▶ Task directions: Please keep pictures out and return the lines below exactly, from the one holding "Nike Jr. Phantom" through the last, both included.

--------------------------------

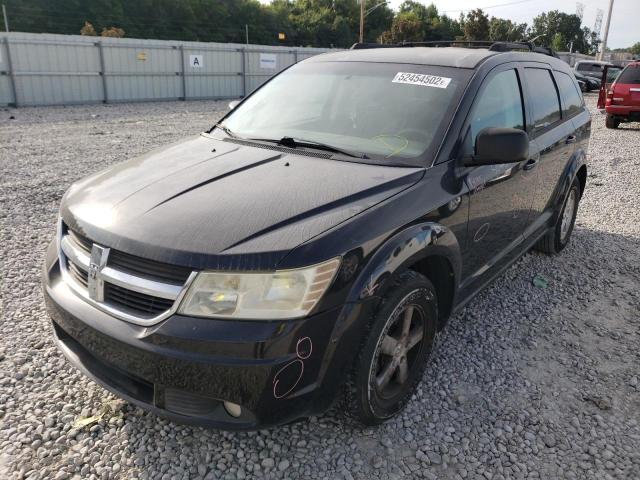 Photo 2 from auction – 2010 DODGE UK with VIN 3D4PG4FB1AT254561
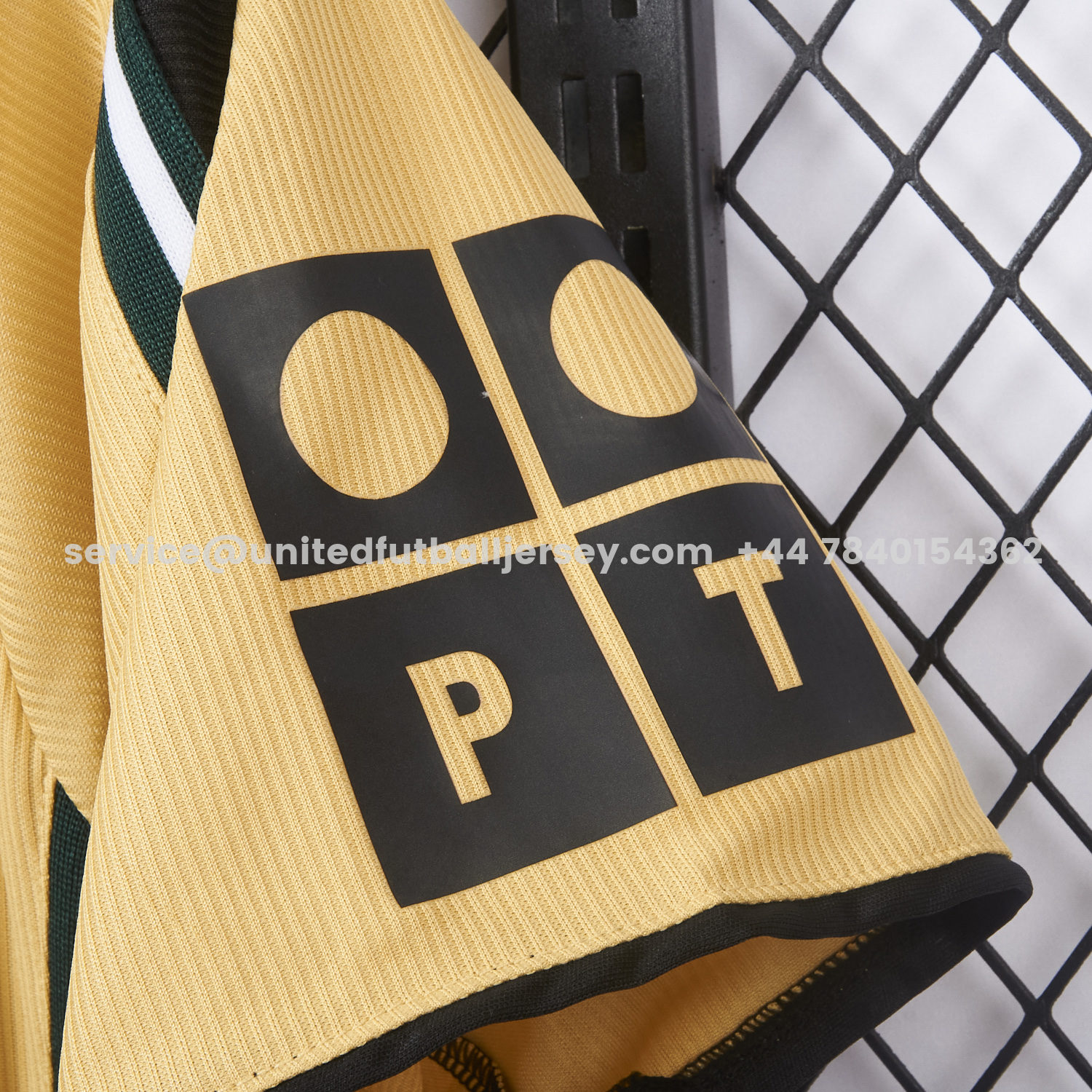 unitedfutballjersey-Retro Sporting CP 03-04 Away Jersey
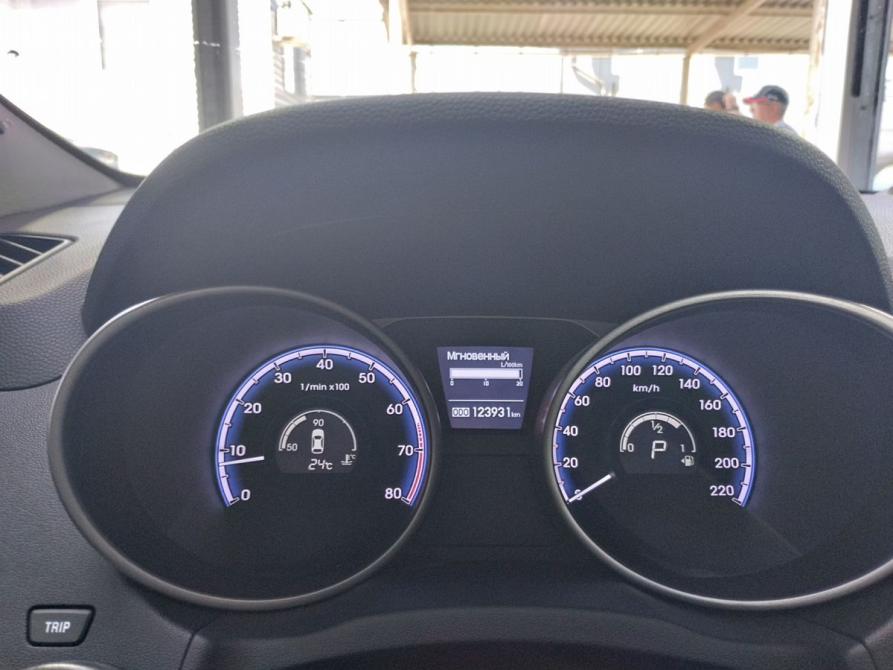 Hyundai ix35 I Минеральные Воды  - изображение 7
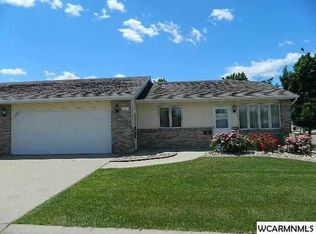 1203 Collegeway, Worthington, MN 56187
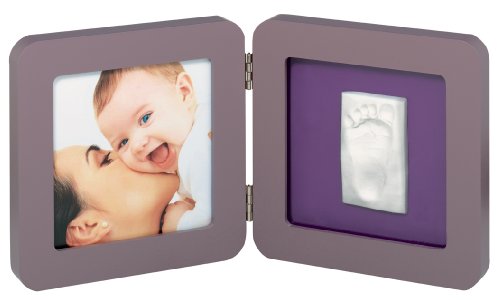 Print frame réversible - taupe / violet - lime 3220660148868 Baby Art Print frame réversible - taupe / violet - lime 3220660148868 Baby Art
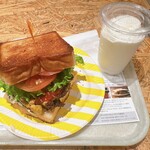 BAKERY & BURGER JB'S TOKYO - 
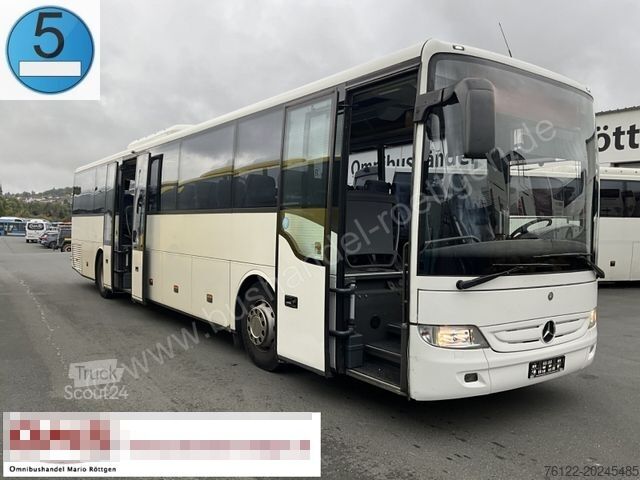 Autocar interurbain MERCEDES-BENZ O 350 Tourismo RH-M/ Klima/ Euro 5/ Standheizung
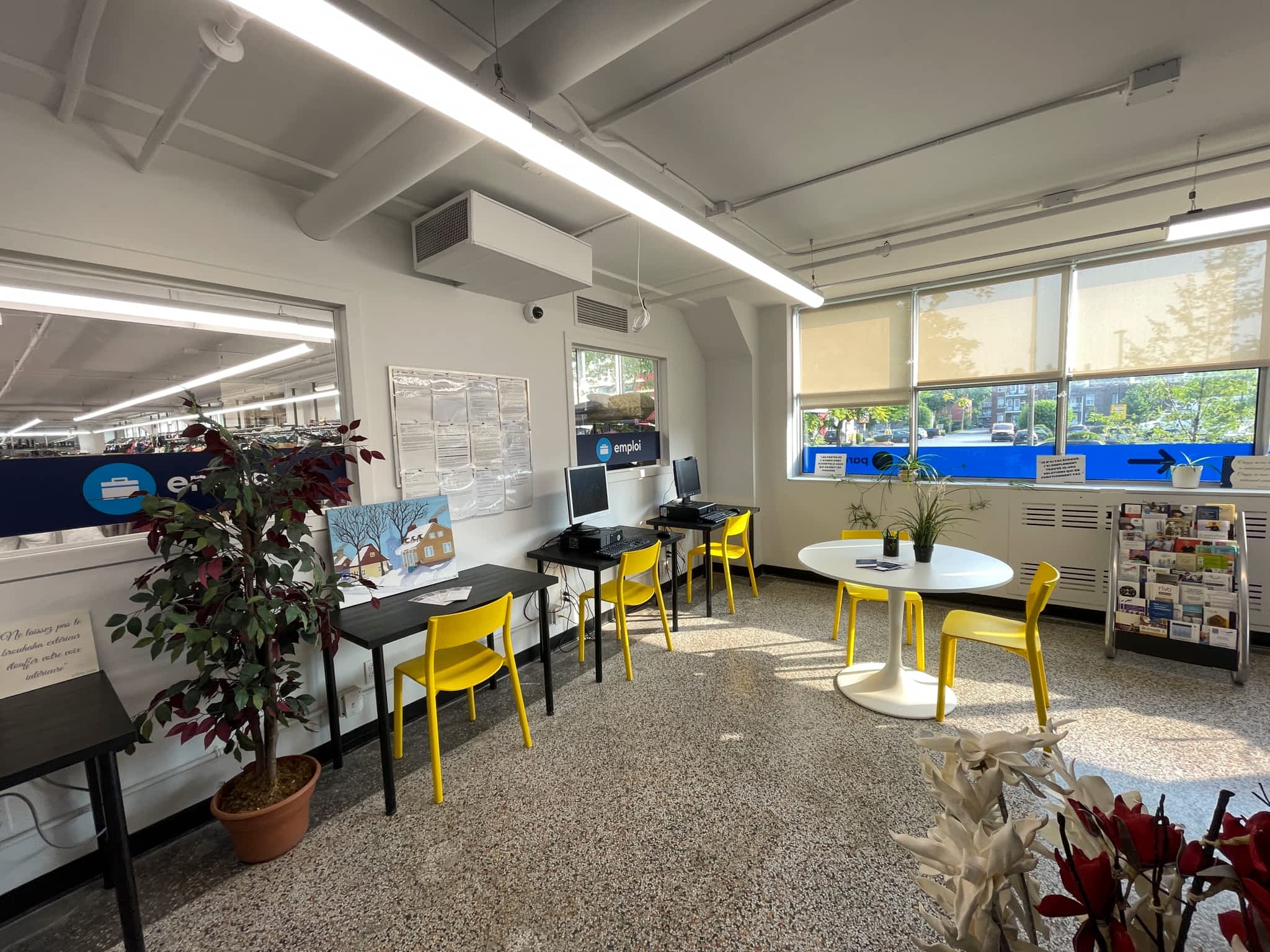 photo Renaissance Fripe Saint-Laurent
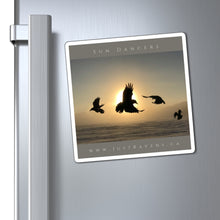 Load image into Gallery viewer, 'Sun Dancers' Magnet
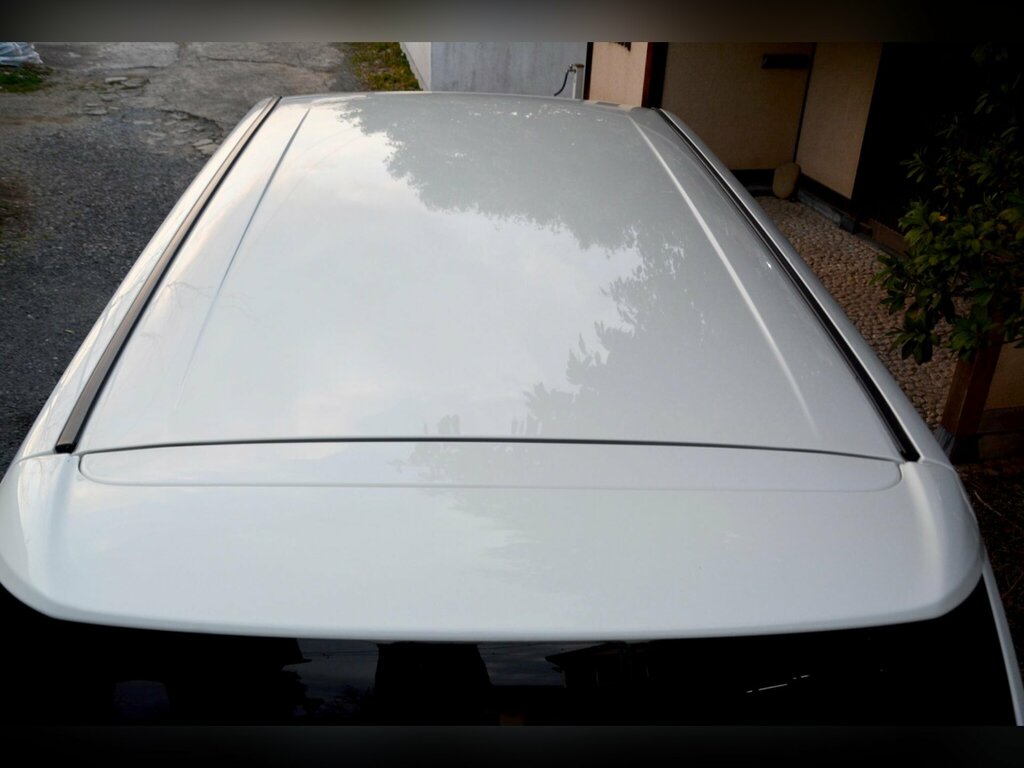 Toyota Alphard 2013 Toyota Alphardnbsprear Cam Ulez Super Gr White #16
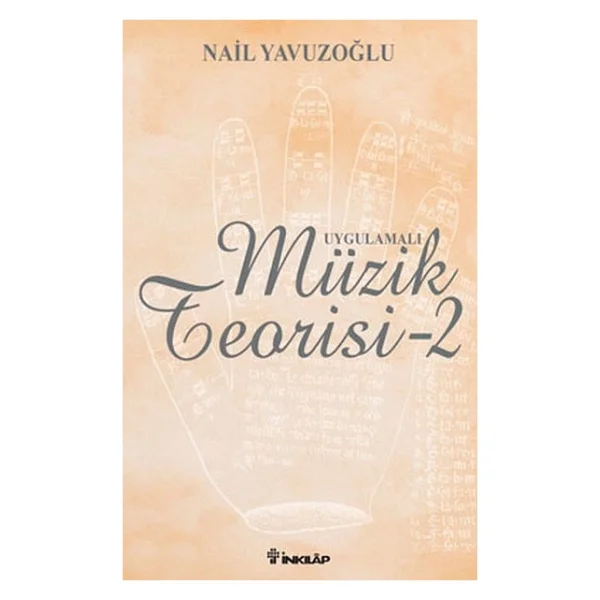 Uygulamalı Müzik Teorisi 2 - Nail Yavuzoğlu - Görsel 3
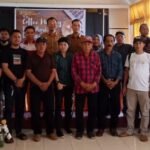 Diskominfo Morut-Jurnalis Gelar Coffee Morning, Bahas Peran Media dalam Membangun Daerah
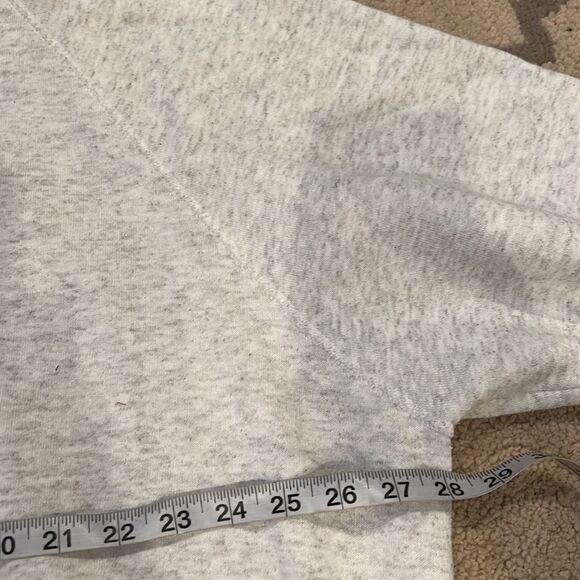 VTG Lee made in USA crew neck sweatshirt size 3X 3d plush bear on front with - Picture 6 of 9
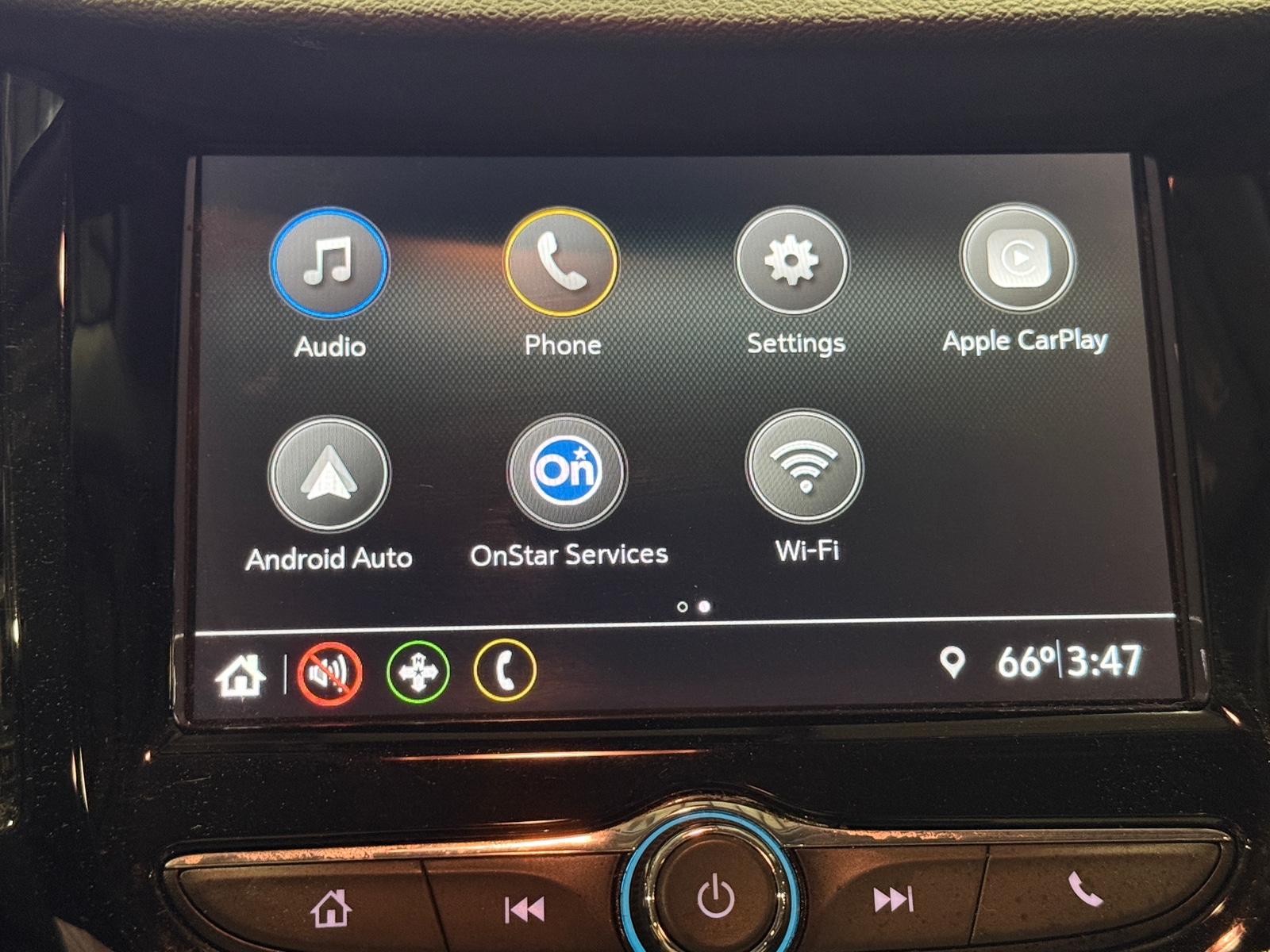 Thumbnail: 2019 Chevrolet Trax - 4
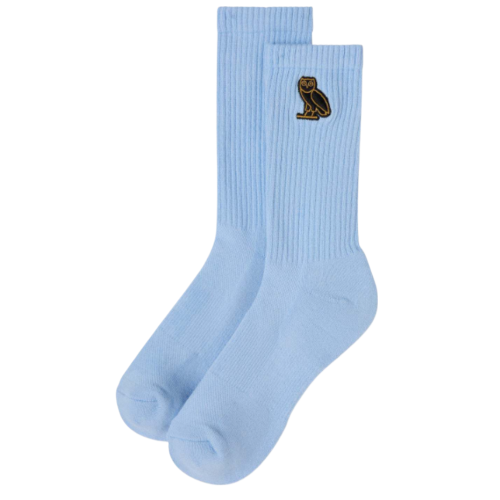 Pack de Meias O.V.O Azul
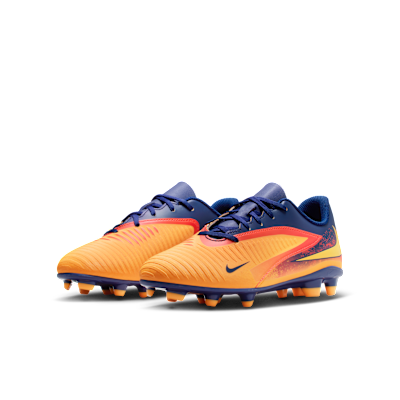 Nike Jr. Phantom 6 Low Club 'Erling Haaland' Older Kids' Multi-Ground Football Boot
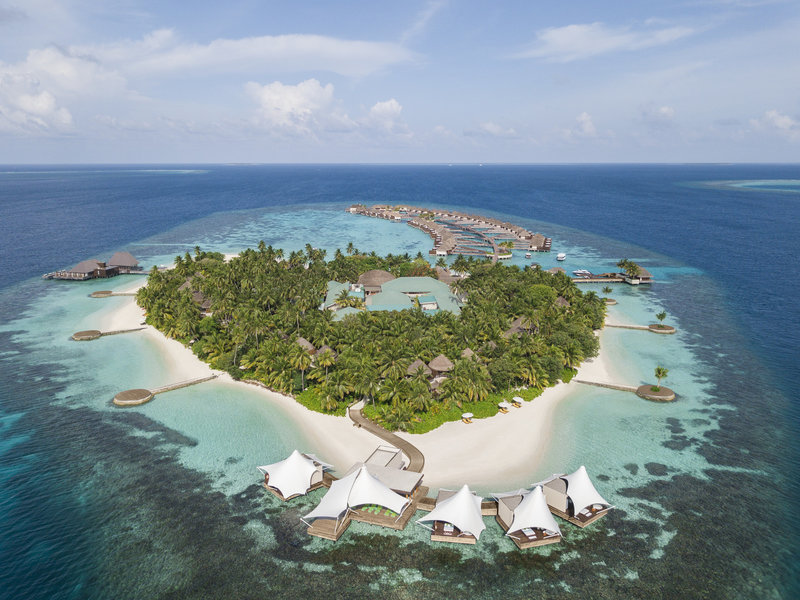 Ari-Atoll W Maldives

--------------------------------

▶ The completed task:
 Nike Jr. Phantom 6 Low Club 'Erling Haaland' Older Kids' Multi-Ground Football Boot
 Ari-Atoll W Maldives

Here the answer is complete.